Information provided
———

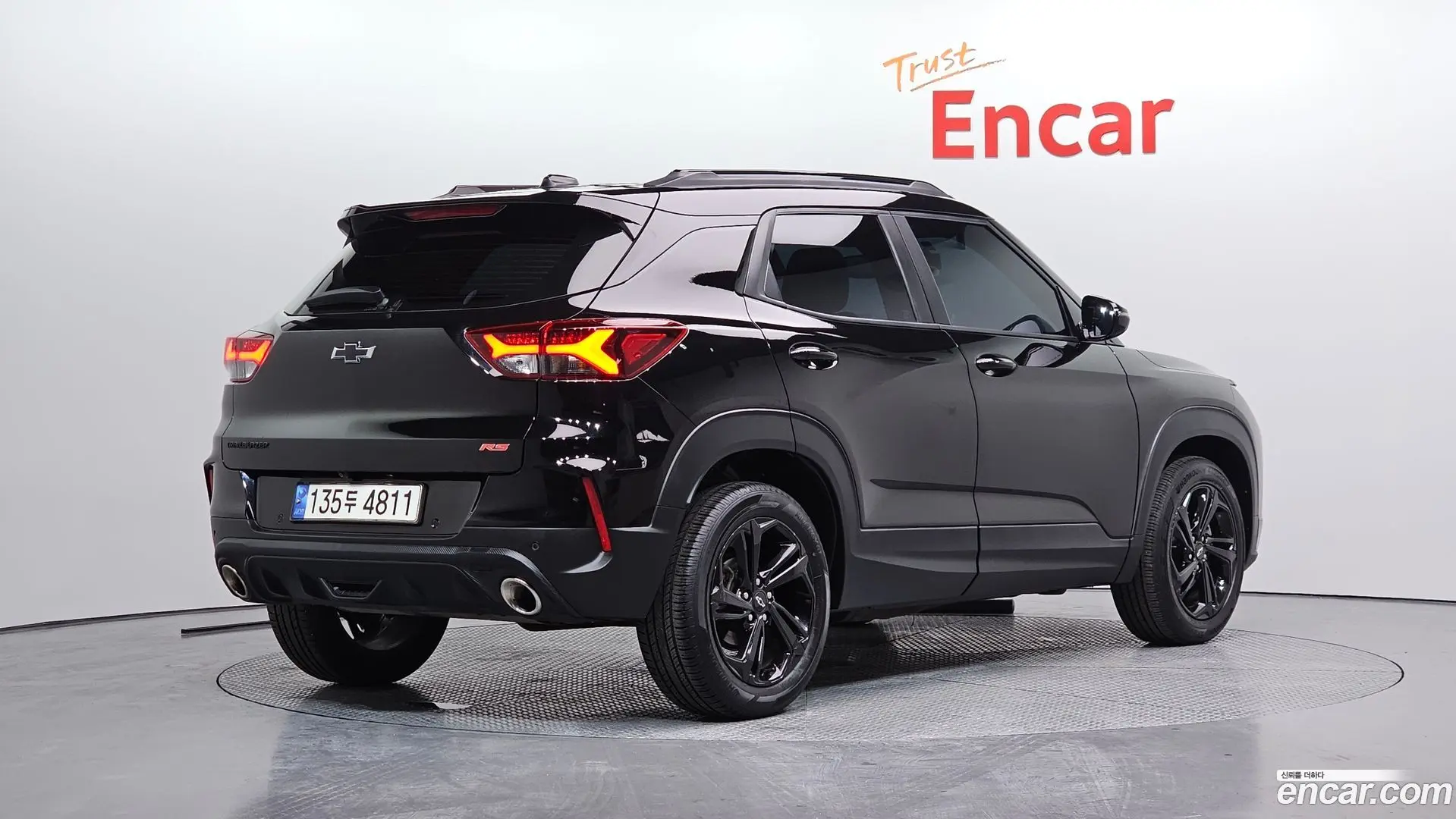 Main__Slider__Photo:Trailblazer Chevrolet 2021.7-1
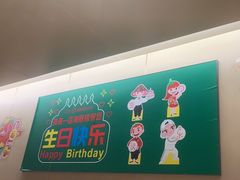 -海底捞火锅(摩尔广场店)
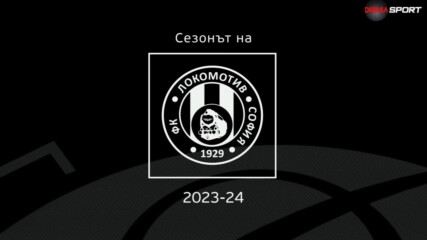 Сезонът на Локомотив София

———

Aim of the exercise
Word for word, restate each line above, minus its pictures.

Written response
 Main__Slider__Photo:Trailblazer Chevrolet 2021.7-1
 -海底捞火锅(摩尔广场店)
 Сезонът на Локомотив София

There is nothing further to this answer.